State courts in New York and Maryland that blocked judgments ruled on the basis of state law, not the First Amendment, leaving the door open for upheld judgments in other states, Brown said. “We're telling states how they interpret their own constitutions?” asked Sen. Jeff Sessions, R-Ala. Federal action shouldn’t be “offensive to states” any more than the New York Times v. Sullivan Supreme Court decision that set a floor for speech protection, Wimmer said. Many states also use a “need not” standard for enforcement, rather than a “shall not” standard. The real danger isn’t that lawsuits pile up, but that would-be litigants see they can effectively curb criticism based on a threat, he said. Authors’ freedom to travel is also at stake: They wouldn’t be “thrown into debtor’s court” in the U.K., but one journalist already has avoided traveling back to Zimbabwe after being convicted there for downloaded articles.

Brown told Specter that his bill should be “generally silent” on personal jurisdiction over foreign plaintiffs in U.S. courts, letting case law develop rather than set a constitutionally problematic rule in the statute.
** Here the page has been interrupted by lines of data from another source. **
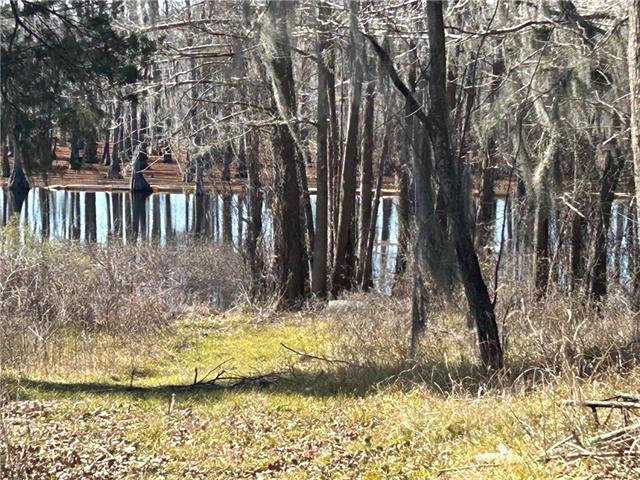 533 Stumps Camp Road Winnfield, LA 71483 - Photo 10 of 10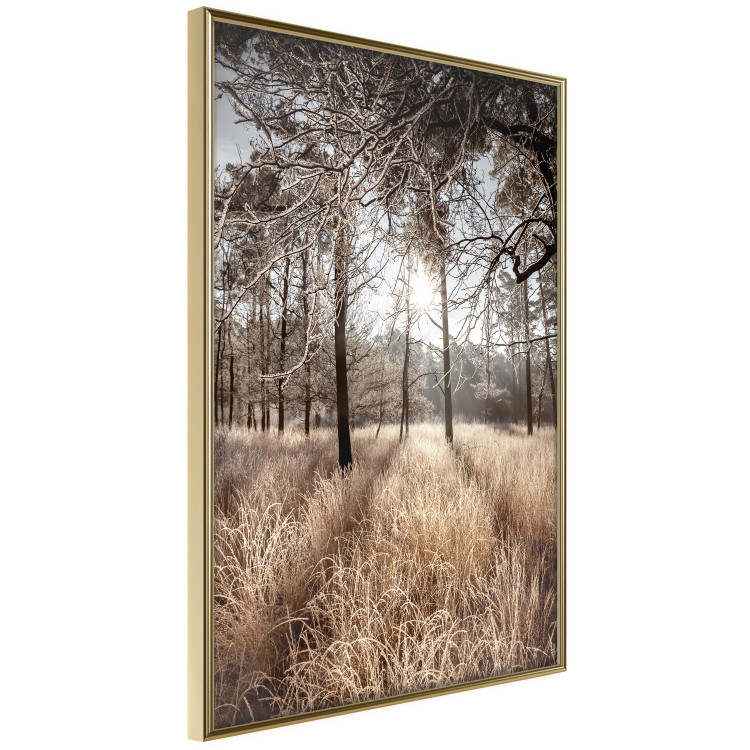 Wall Poster Straight into Love - landscape of a forest and trees against a rising sun 138042 additionalImage 8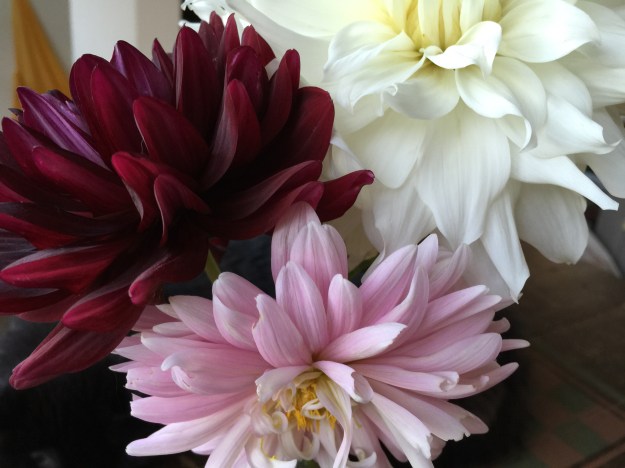 Indira Ganesan, Trio, 2015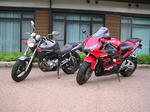 zeel_954rr.JPG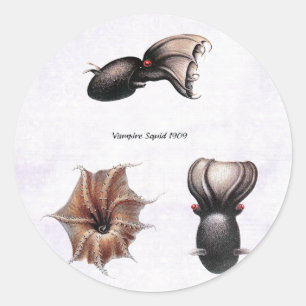 Adesivo Redondo Vampire Squid Sticker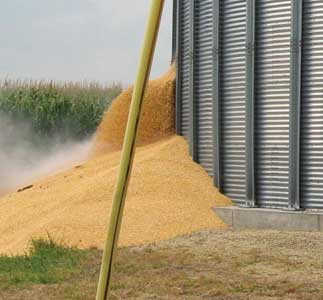 The grain piling under the cuts.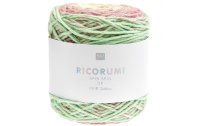 Rico Design Wolle Ricorumi Spin Spin 50 g, Icecream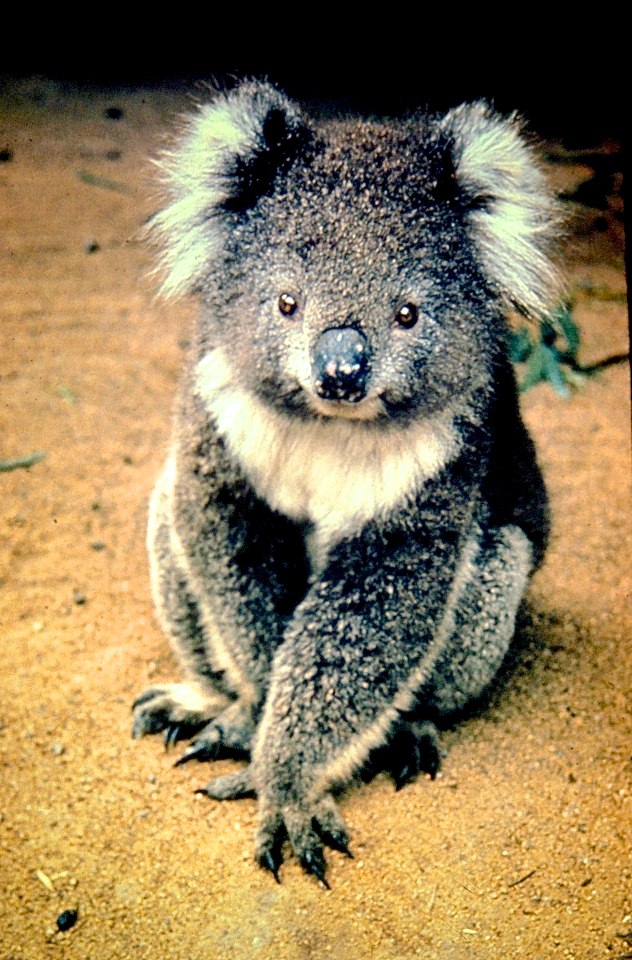 a koala looks directly like the face of a young baby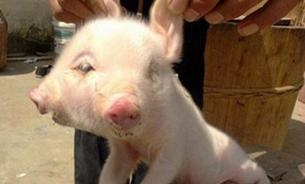หมูน้อยพิการมีสองหัว สองปาก สี่จมูก สองหู และแทนที่จะมีตาบนหัว หัวละสองตา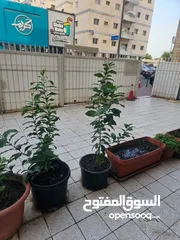  1 حدائق وأشجار  شكله برتقال عمر واحد سنه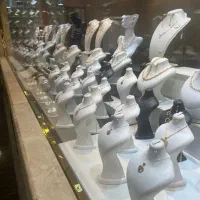 همکار خانم برای طلافروشی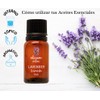 OLEUM VITAE Aceite Esencial de Lavanda. Lavandula Angustifolia. 100% Puro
Some media lawyers are concerned about the precedent that loose rules for personal jurisdiction could set, Wimmer said: “We [would] get that argument thrown back at us” by other countries that assert jurisdiction over U.S. authors by virtue of Internet publication.

Sen. Sheldon Whitehouse, D-R.I., asked whether a federal law could use an “in rem” proceeding -- jurisdiction over property, such as an allegedly defamatory article -- to get around the personal-jurisdiction hurdle. Wimmer called that an “interesting idea” and promised to follow up on its feasibility in writing. Another compromise could be allowing damages against foreign plaintiffs if they don’t seek U.S. enforcement within their own jurisdiction’s statute of limitations, he said. Asked by Kyl about remedies through treaties and bilateral agreements, Wimmer said the European Union’s e-commerce directive could serve as a vehicle. The problem is “the EU has given this [issue] back to the member states.” The U.S. could pass a barebones protection law “and then begin beating the drum pretty loudly” with trading partners to sign off on protections in bilateral pacts, Kyl said.